The killer crisis of corporate capitalism?

By Henry McRandall
WRISEUP.COM

It becomes more evident with each passing day that Karl Marx was right in predicting that not only the excesses but also the very success of corporate capitalism would someday prove to be the seeds of its ultimate demise.
Although true Marxism has thus far failed to captivate the minds and loyalties of a majority of humankind, the economic philosopher who evolved it at least was right in diagnosing the fatal flaws in coproate capitalism.
The corporate capitalist philosophy that has dominated most of the world for centuries may now be irretrievably marching toward its own doomsday.
If the Twentieth Century was the apex of corporate capitalism, the Twenty-first Century may be its nadir.
The Twentieth Century saw much of the world advance toward relative opulence after millennia of harsh struggle.
It happened partly because investors were interested in creating real new wealth and because workers fought mightily to get a fairer share of the fruits of their labours.

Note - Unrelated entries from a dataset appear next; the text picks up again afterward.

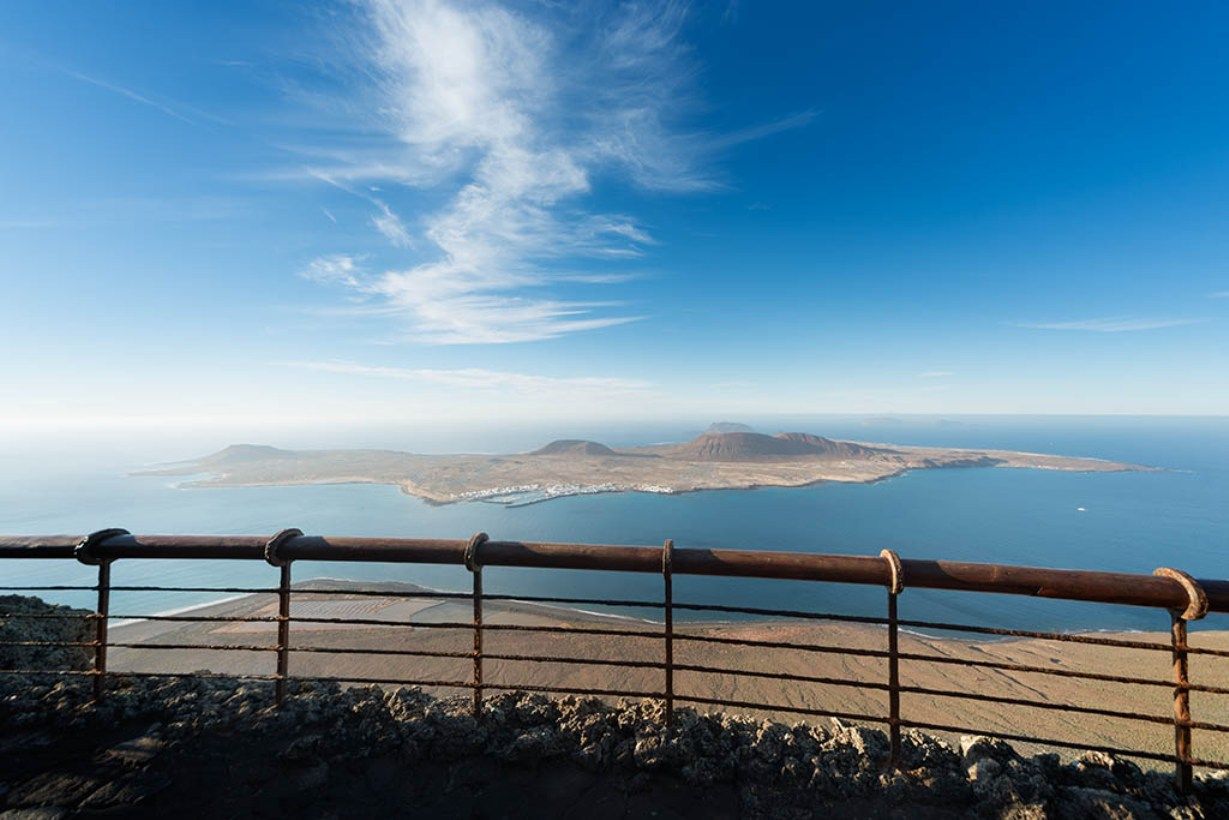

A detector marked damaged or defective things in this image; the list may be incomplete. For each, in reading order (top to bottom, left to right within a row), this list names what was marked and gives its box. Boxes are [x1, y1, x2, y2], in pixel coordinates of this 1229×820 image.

rusted metal post [91, 560, 111, 703]
rusted metal post [263, 528, 301, 708]
rusted metal post [462, 533, 486, 717]
rusty handrail [0, 536, 1224, 612]
rusted metal post [884, 550, 904, 772]
rusted metal post [1150, 567, 1209, 791]
rusted metal post [1170, 614, 1189, 796]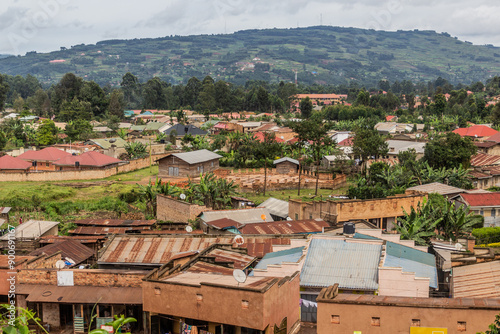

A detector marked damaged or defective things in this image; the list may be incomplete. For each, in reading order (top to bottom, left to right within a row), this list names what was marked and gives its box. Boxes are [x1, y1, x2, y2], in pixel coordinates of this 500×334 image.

rusted rooftop [240, 219, 330, 235]
rusted rooftop [98, 234, 292, 264]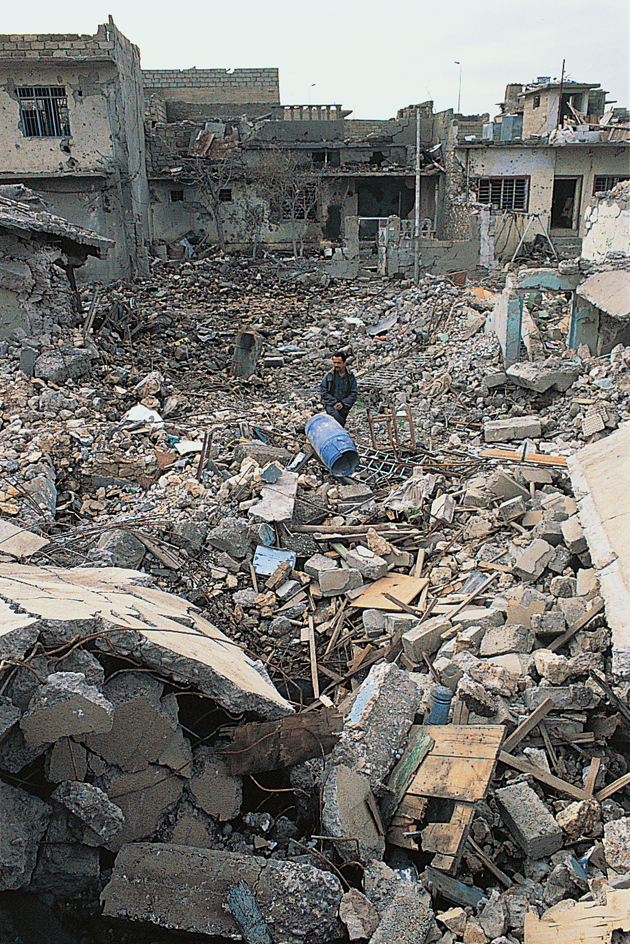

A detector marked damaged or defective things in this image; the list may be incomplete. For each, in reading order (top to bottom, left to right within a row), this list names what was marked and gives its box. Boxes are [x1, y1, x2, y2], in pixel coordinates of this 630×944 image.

broken concrete block [488, 416, 544, 442]
broken concrete block [88, 532, 146, 568]
broken concrete block [205, 520, 249, 556]
broken concrete block [320, 564, 366, 592]
broken concrete block [346, 544, 390, 584]
broken wooden board [354, 576, 432, 612]
broken concrete block [432, 494, 456, 524]
broken concrete block [516, 540, 556, 584]
broken concrete block [560, 516, 592, 552]
broken concrete block [402, 616, 452, 660]
broken concrete block [482, 620, 536, 656]
broken concrete block [0, 780, 51, 888]
broken concrete block [19, 676, 113, 748]
broken concrete block [53, 780, 126, 844]
broken concrete block [84, 680, 193, 776]
broken concrete block [95, 764, 185, 852]
broken concrete block [189, 748, 243, 824]
broken wooden board [220, 708, 344, 776]
broken concrete block [324, 768, 388, 864]
broken concrete block [330, 664, 420, 788]
broken wooden board [380, 728, 434, 824]
broken wooden board [410, 728, 508, 800]
broken concrete block [496, 780, 564, 856]
broken concrete block [556, 796, 604, 840]
broken concrete block [604, 820, 630, 872]
broken concrete block [100, 840, 344, 944]
broken concrete block [340, 888, 380, 940]
broken concrete block [368, 888, 436, 944]
broken wooden board [524, 888, 630, 940]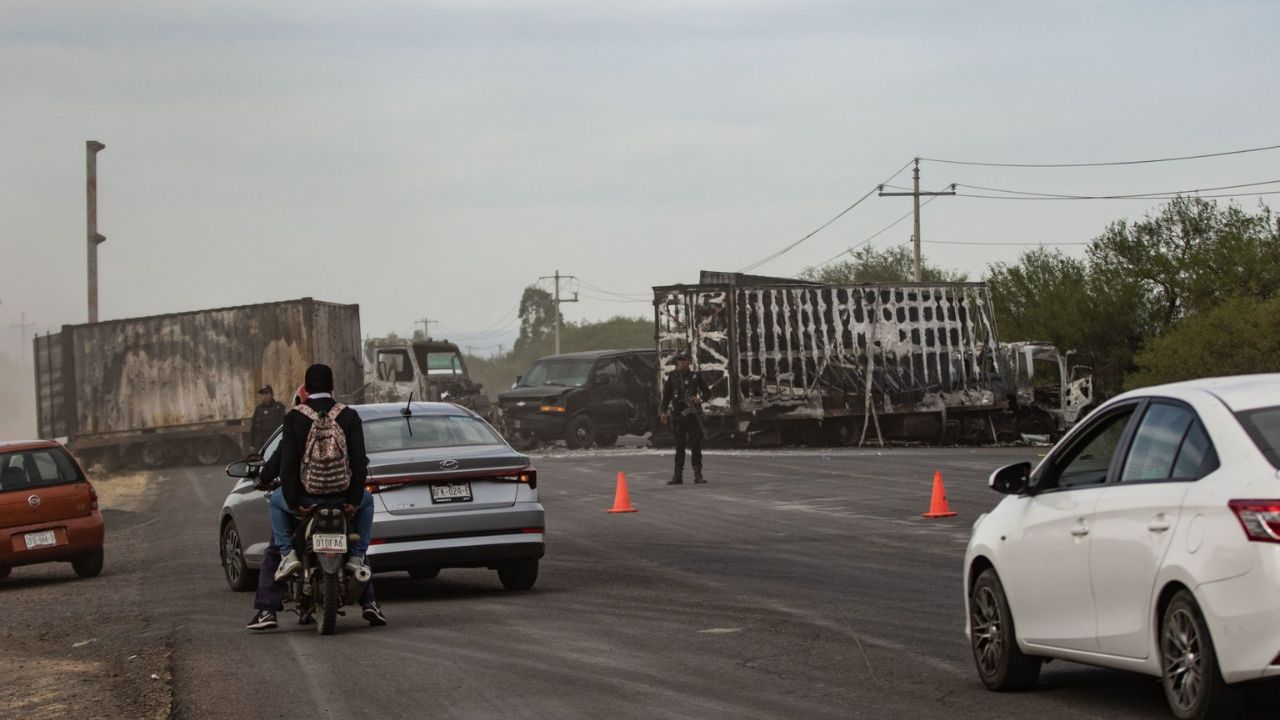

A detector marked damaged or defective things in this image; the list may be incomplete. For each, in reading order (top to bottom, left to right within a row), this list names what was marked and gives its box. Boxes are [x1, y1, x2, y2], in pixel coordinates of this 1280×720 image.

burned truck [35, 296, 362, 466]
burned truck [368, 338, 498, 416]
burned truck [660, 272, 1088, 444]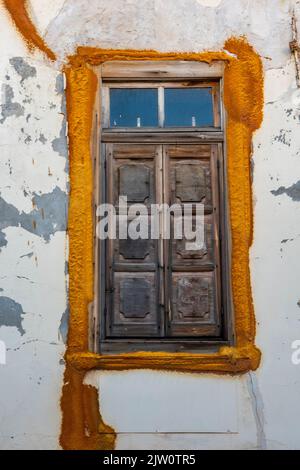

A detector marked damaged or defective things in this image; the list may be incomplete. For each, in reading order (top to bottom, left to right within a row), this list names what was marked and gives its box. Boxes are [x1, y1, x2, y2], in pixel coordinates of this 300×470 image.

peeling paint [9, 57, 36, 83]
peeling paint [0, 83, 24, 123]
peeling paint [272, 181, 300, 201]
peeling paint [0, 298, 25, 334]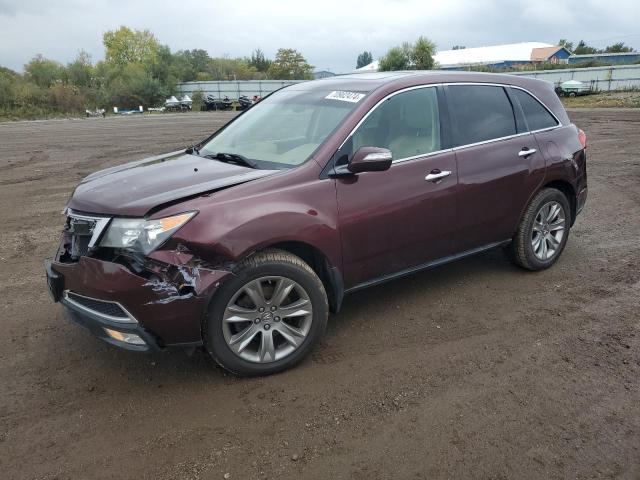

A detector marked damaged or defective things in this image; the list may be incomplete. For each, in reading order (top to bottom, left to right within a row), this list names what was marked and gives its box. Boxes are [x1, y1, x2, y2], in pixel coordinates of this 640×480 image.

crumpled hood [67, 151, 278, 217]
damaged front bumper [45, 251, 235, 352]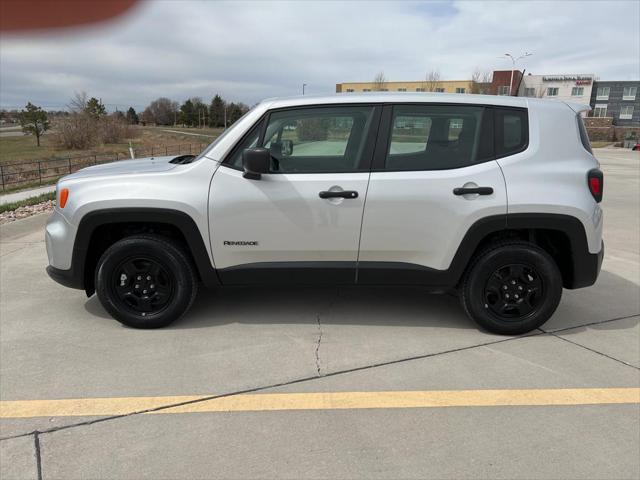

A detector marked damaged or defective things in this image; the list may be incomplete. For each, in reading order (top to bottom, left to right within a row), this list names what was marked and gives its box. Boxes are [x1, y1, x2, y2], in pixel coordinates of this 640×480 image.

crack in pavement [1, 312, 636, 442]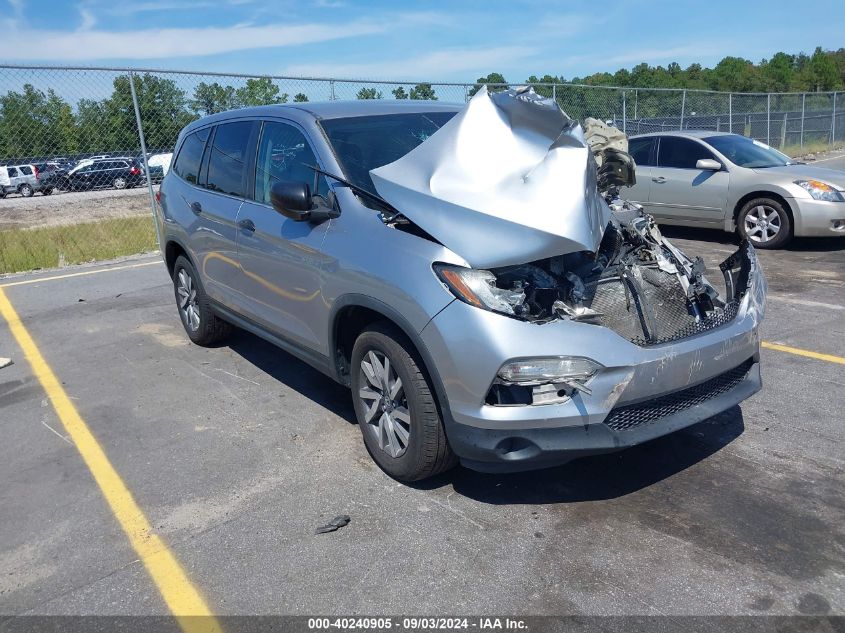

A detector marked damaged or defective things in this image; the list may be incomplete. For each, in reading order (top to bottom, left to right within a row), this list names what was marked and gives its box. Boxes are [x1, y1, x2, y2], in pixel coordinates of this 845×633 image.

broken headlight [432, 262, 524, 314]
crumpled hood [368, 87, 608, 270]
deployed airbag [370, 84, 608, 266]
severe front damage [372, 87, 760, 350]
destroyed front bumper [422, 244, 764, 472]
broken headlight [792, 179, 844, 201]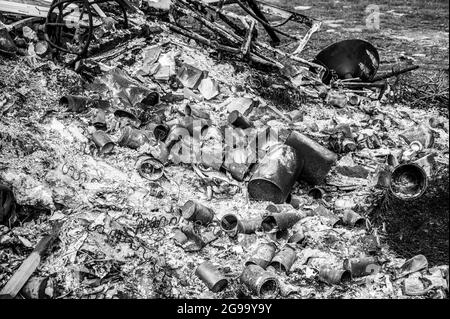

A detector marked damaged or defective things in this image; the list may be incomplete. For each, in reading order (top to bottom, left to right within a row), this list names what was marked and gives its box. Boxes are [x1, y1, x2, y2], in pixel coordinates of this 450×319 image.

burnt tin can [91, 130, 114, 155]
burnt container [91, 131, 114, 154]
burnt container [246, 144, 302, 204]
burnt tin can [248, 144, 300, 204]
burnt tin can [286, 131, 336, 185]
burnt container [284, 131, 338, 186]
burnt tin can [181, 201, 214, 226]
burnt container [181, 201, 214, 226]
burnt tin can [244, 242, 276, 270]
burnt container [244, 242, 276, 270]
burnt tin can [268, 244, 298, 274]
burnt tin can [195, 262, 229, 294]
burnt container [195, 262, 229, 294]
burnt tin can [241, 264, 280, 298]
burnt container [241, 264, 280, 298]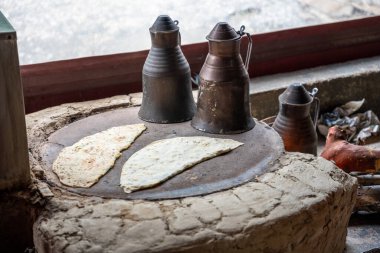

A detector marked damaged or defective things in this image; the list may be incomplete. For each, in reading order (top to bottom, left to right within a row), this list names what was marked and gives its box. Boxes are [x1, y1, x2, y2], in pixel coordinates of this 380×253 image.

rusty metal surface [40, 106, 284, 200]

The capitalist class reluctantly accepted that the continued growth of their own wealth depended in large part on the evolution of a prosperous consumer market for the goods and services corporations were now capable of producing. Hence the development of a large middle class and a largely well-paid working class in North America and much of Europe.
And even a cursory study of economic history over the course of the Twnetieth Century teaches that the economy functions best when the share of national income enjoyed by the top one percent of income-earners does not exceed six percent of all income.
At that level of national income held by the top one percent, there is a tendency for everyone to do relatively well. But when the income of the top one percent rises much beyond that six percent, everything starts to fall apart. Unemployment rises, real wages fall, government revenues and social spending fall, consumer spending falls and, ultimately, there is either a debilitating recession or a devastating depression.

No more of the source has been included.